Pilar 1 mengatur perusahaan multinasional dengan peredaran bruto dan keuntungan tertentu. Dalam hal ini, pilar tersebut akan dapat dikenakan pada sektor digital yang selama ini menjadi isu antara negara G-20 dan seluruh dunia.
Kemudian, Pilar 2: Global anti-Base Erosion Rules (GloBE), diyakini dapat mengurangi kompetisi pajak serta melindungi basis pajak yang dilakukan melalui penetapan tarif pajak minimum secara global. Pilar tersebut akan menjadi solusi pemajakan pada perusahaan-perusahaan yang bergerak antarnegara sehingga memungkinkan terjadinya upaya menghindari pajak.
Tarif pajak minimum akan dikenakan pada perusahaan multinasional yang memiliki peredaran bruto tahunan EUR750 juta atau lebih. Dengan pajak minimum, persaingan tarif yang tidak sehat di antara negara-negara yang selama ini terjadi bisa dihentikan.
Febrio berharap pembahasan mengenai kesepakatan perpajakan global dapat terus berlanjut meski dalam situasi ekonomi dan geopolitik yang tidak menentu. Pada saat ini, tensi geopolitik masih panas karena Amerika Serikat masih menjatuhkan sanksi tambahan kepada Rusia akibat invasi yang dilakukan negara tersebut ke Ukraina.
"[Soal AS yang sempat mengancam tidak akan hadir pada KTT G-20 jika ada Rusia] nggak ada hubungannya [dengan pembahasan konsensus pajak]," ujarnya.

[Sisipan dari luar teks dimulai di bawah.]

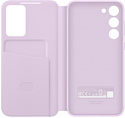 Samsung Smart View Wallet Case S23+ (лиловый)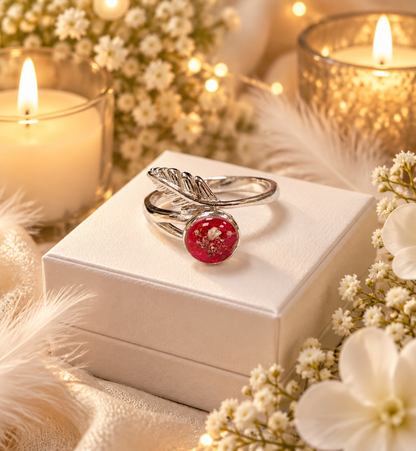 Feather Ashes Ring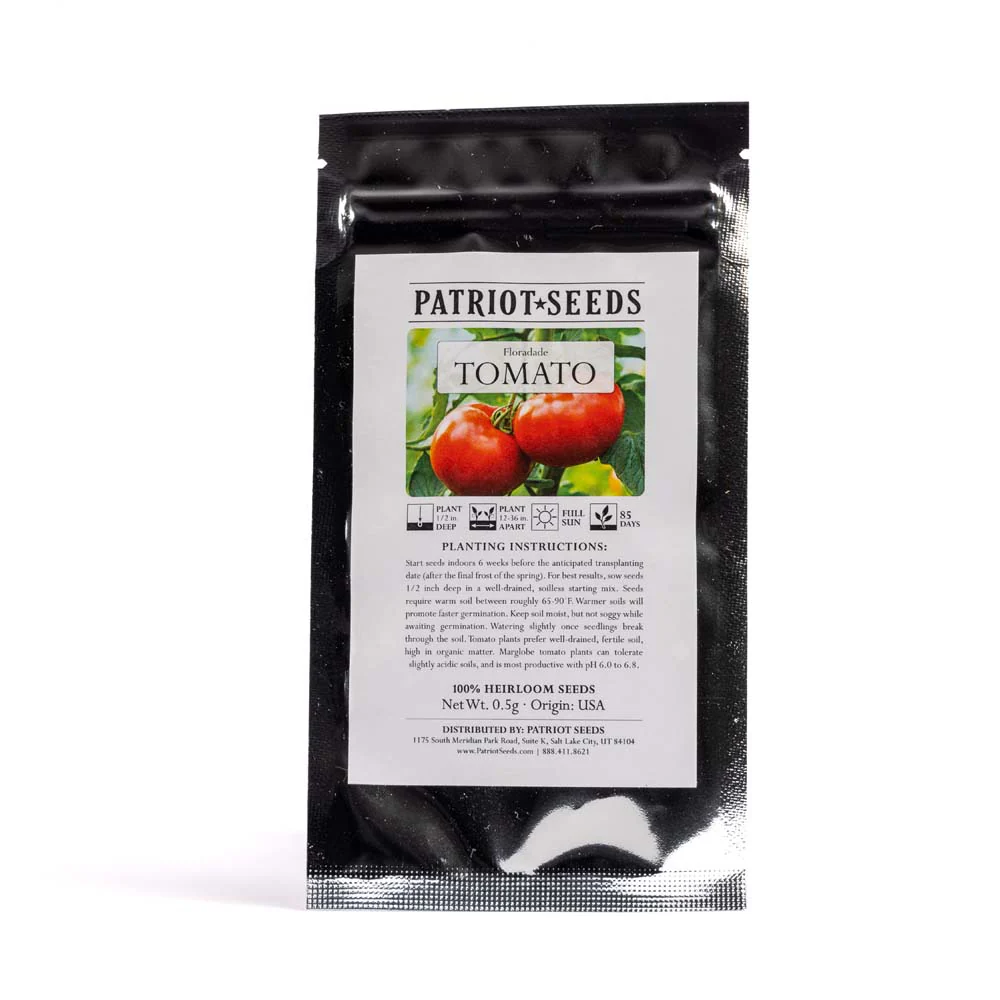 Survival Seed Vault (100% heirloom, 20 varieties) by Patriot Seeds - Image 22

Implementasi konsensus perpajakan global tersebut dinilai akan memberikan dampak positif bagi Indonesia. Pada pekan lalu, Menteri Keuangan Sri Mulyani menyebut kesepakatan perpajakan internasional akan mempersempit ruang wajib pajak melakukan upaya penghindaran pajak, terutama setelah periode program pengungkapan sukarela (PPS).
Meski demikian, OECD baru-baru ini juga menyatakan tengah merancang proposal mengenai penundaan implementasi konsensus pajak, khususnya Pilar 1, lantaran negara-negara anggota Inclusive Framework harus menyepakati multilateral convention (MLC) untuk mengimplementasikan Pilar 2. (sap)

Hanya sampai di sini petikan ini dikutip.